--- WORK TASK ---
Copy nothing but the lines from the line with "Sinop'ta Devrilen Otomobildeki" to the end of the records, retyped exactly. Pictures stay out.

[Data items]
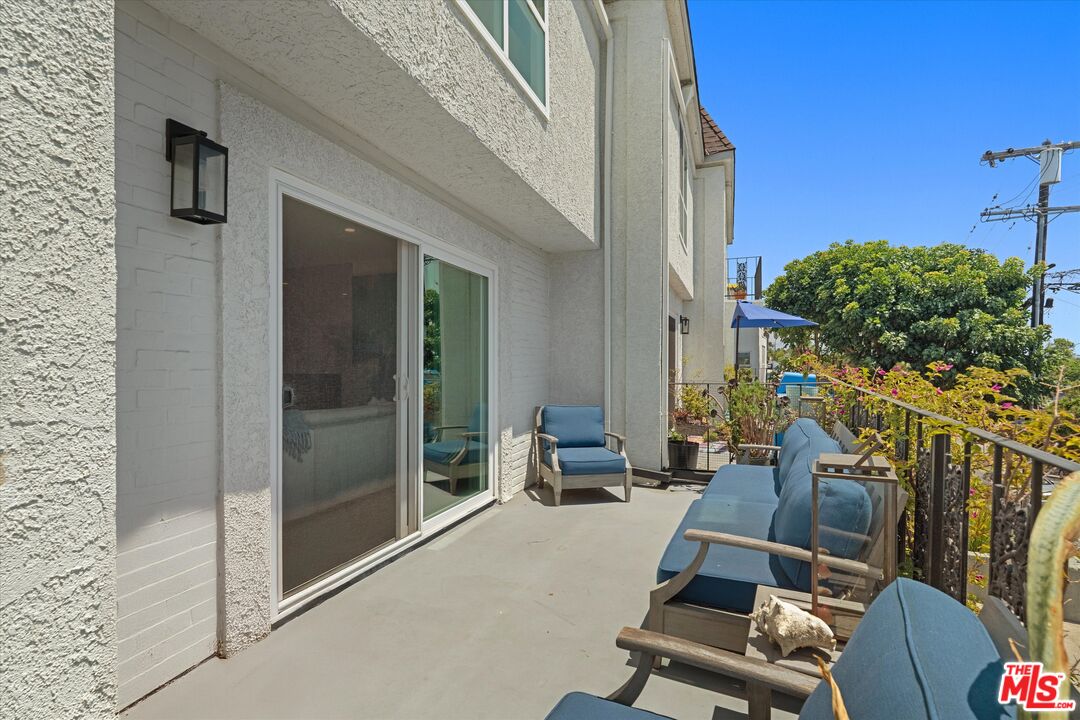 737 Pier Ave Unit: 1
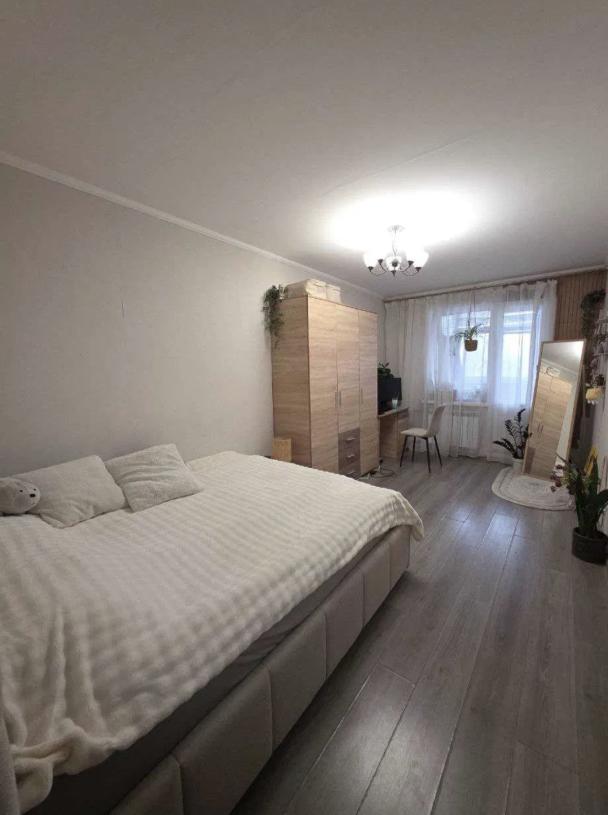 Квартира, 3-кімн., Харьков, 520м/р, Валентиновская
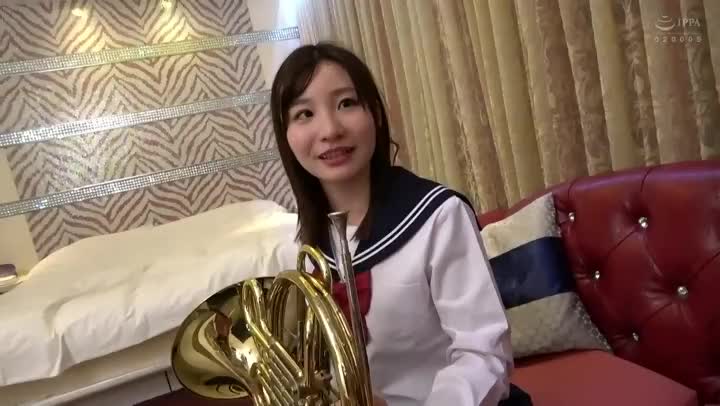 两姐妹之间交流自己的性经历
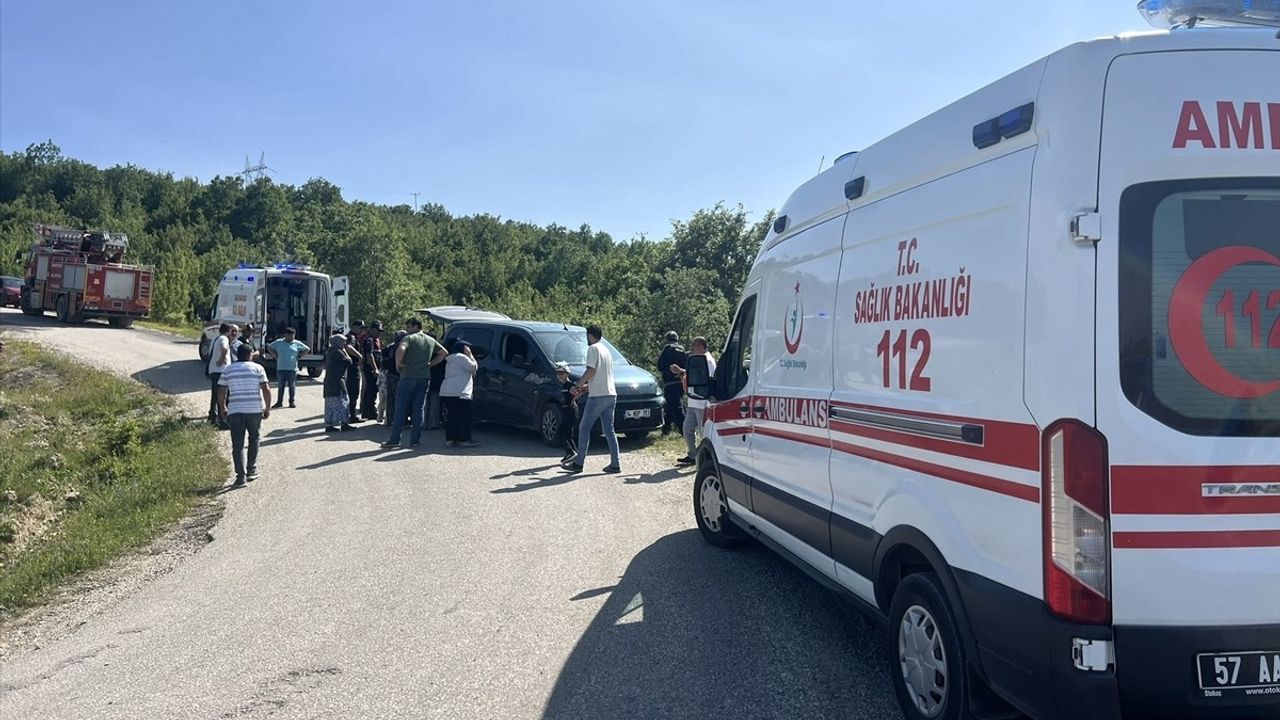 Sinop'ta Devrilen Otomobildeki Karı Koca Yaralandı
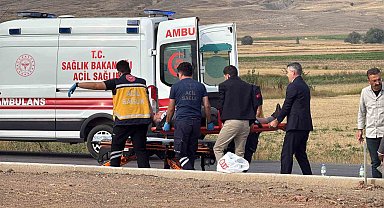 Otomobiller kavşakta çarpıştı: 4 kişi yaralandı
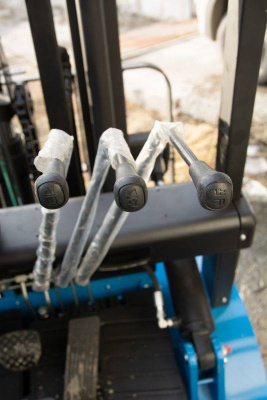 Погрузчик дизельный TOR HFD25 2,5 т 3,0 м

--- PROBLEM SOLUTION ---
 Sinop'ta Devrilen Otomobildeki Karı Koca Yaralandı
 Otomobiller kavşakta çarpıştı: 4 kişi yaralandı
 Погрузчик дизельный TOR HFD25 2,5 т 3,0 м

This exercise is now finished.